> _Exercise prompt_: The listing is to be reproduced exactly, excluding its pictures.

> _Material provided_:
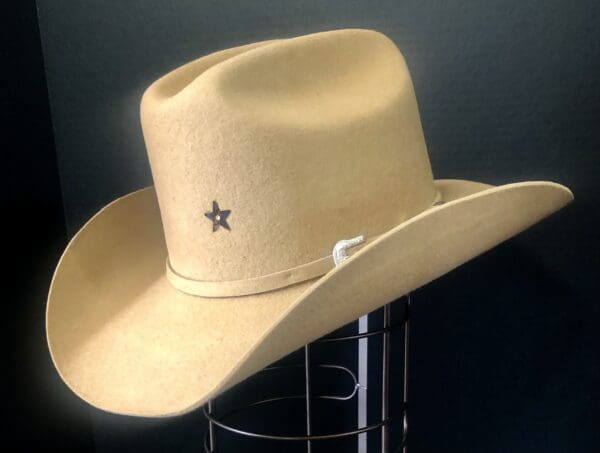 Cattlemen Creased Felts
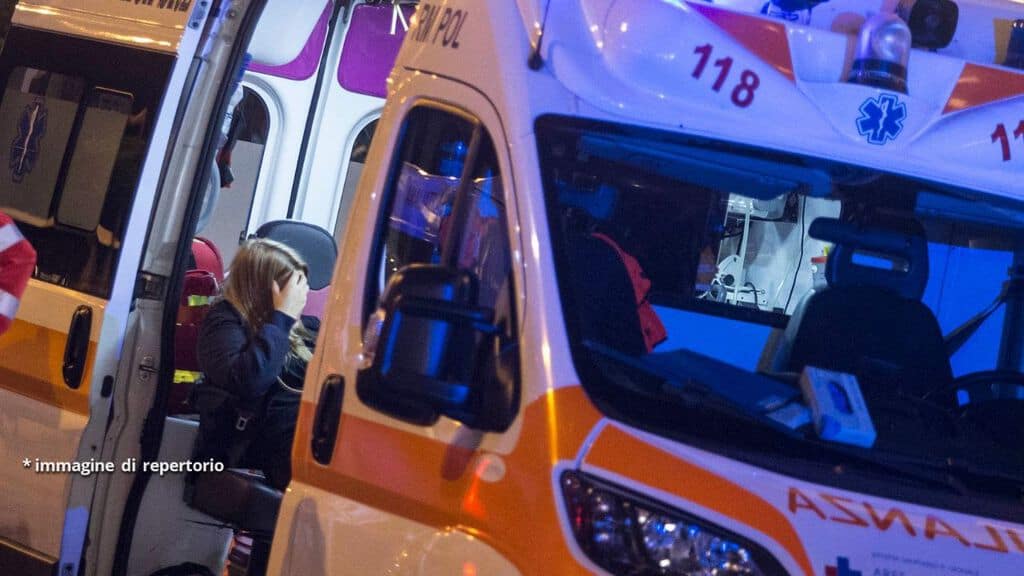 ambulanza in servizio di notte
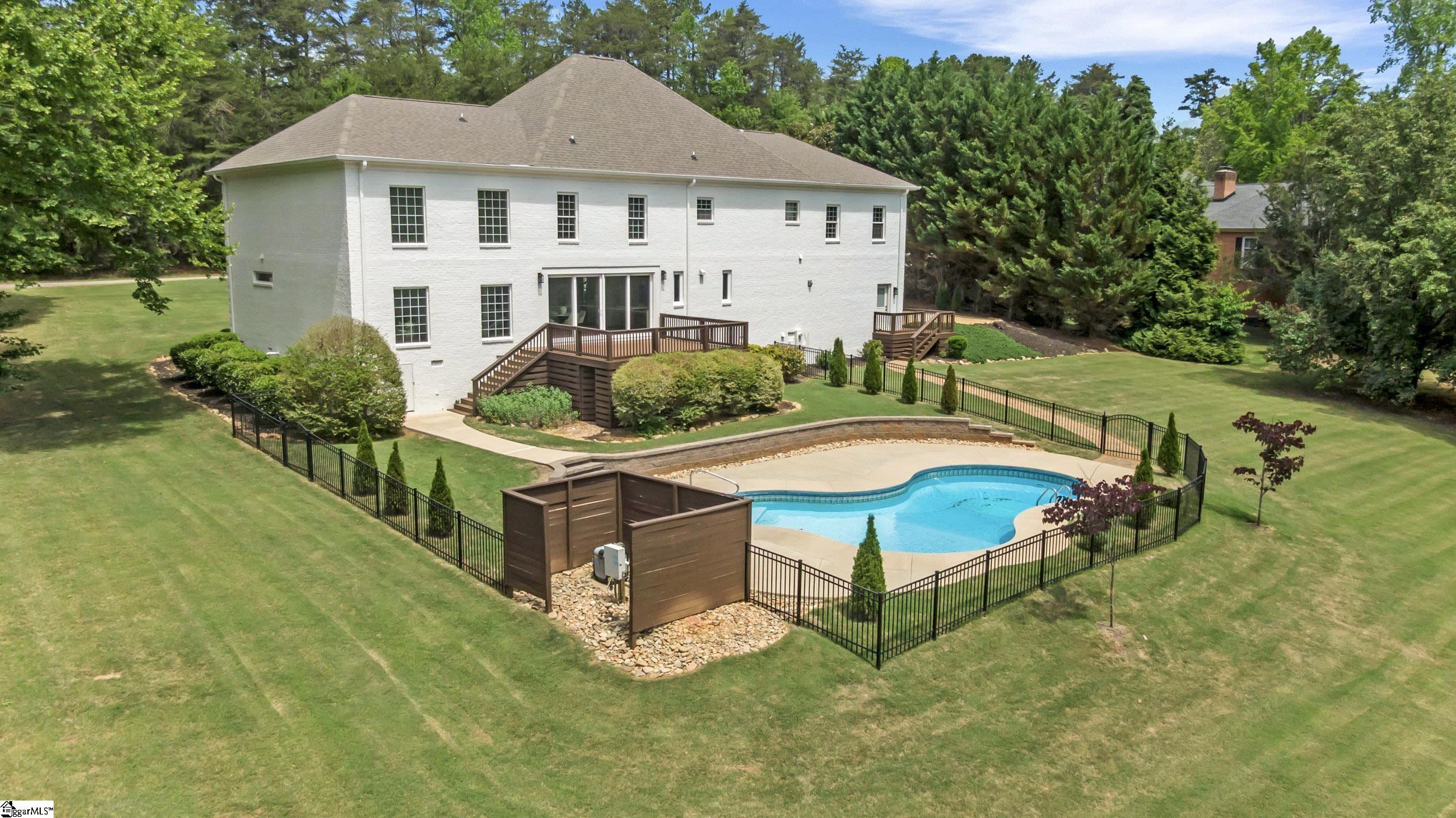 12 Woodvalley Court Greenville, SC 29617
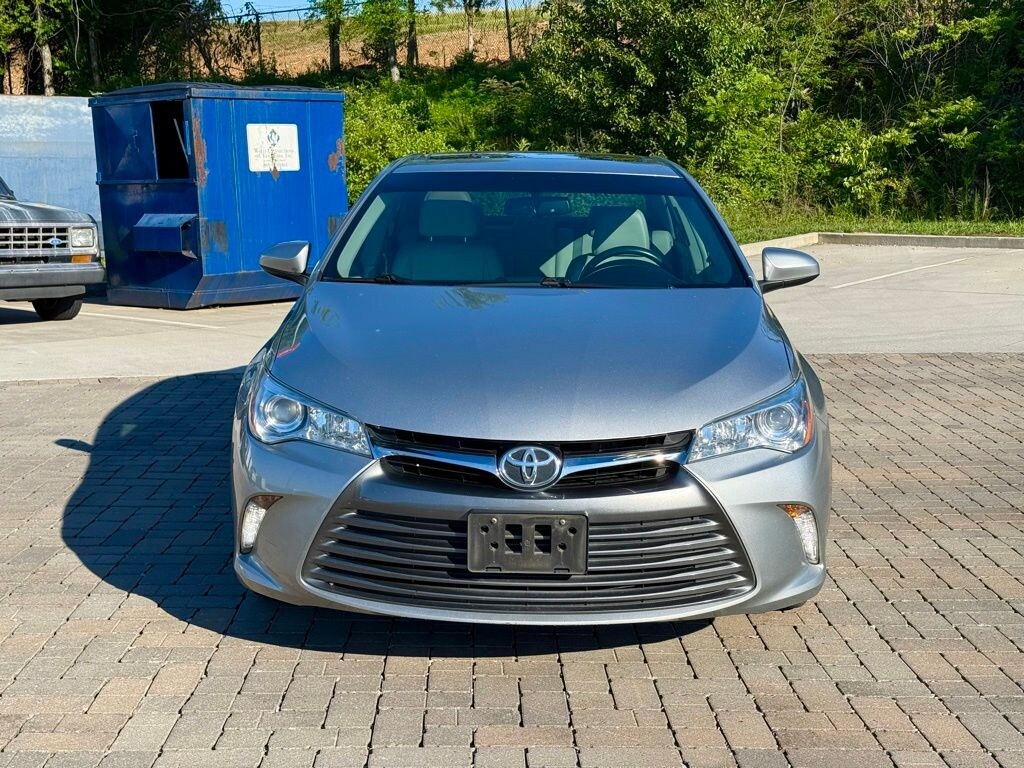 Used 2016 Toyota Camry XLE Sedan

> _Task result_:
 Cattlemen Creased Felts
 ambulanza in servizio di notte
 12 Woodvalley Court Greenville, SC 29617
 Used 2016 Toyota Camry XLE Sedan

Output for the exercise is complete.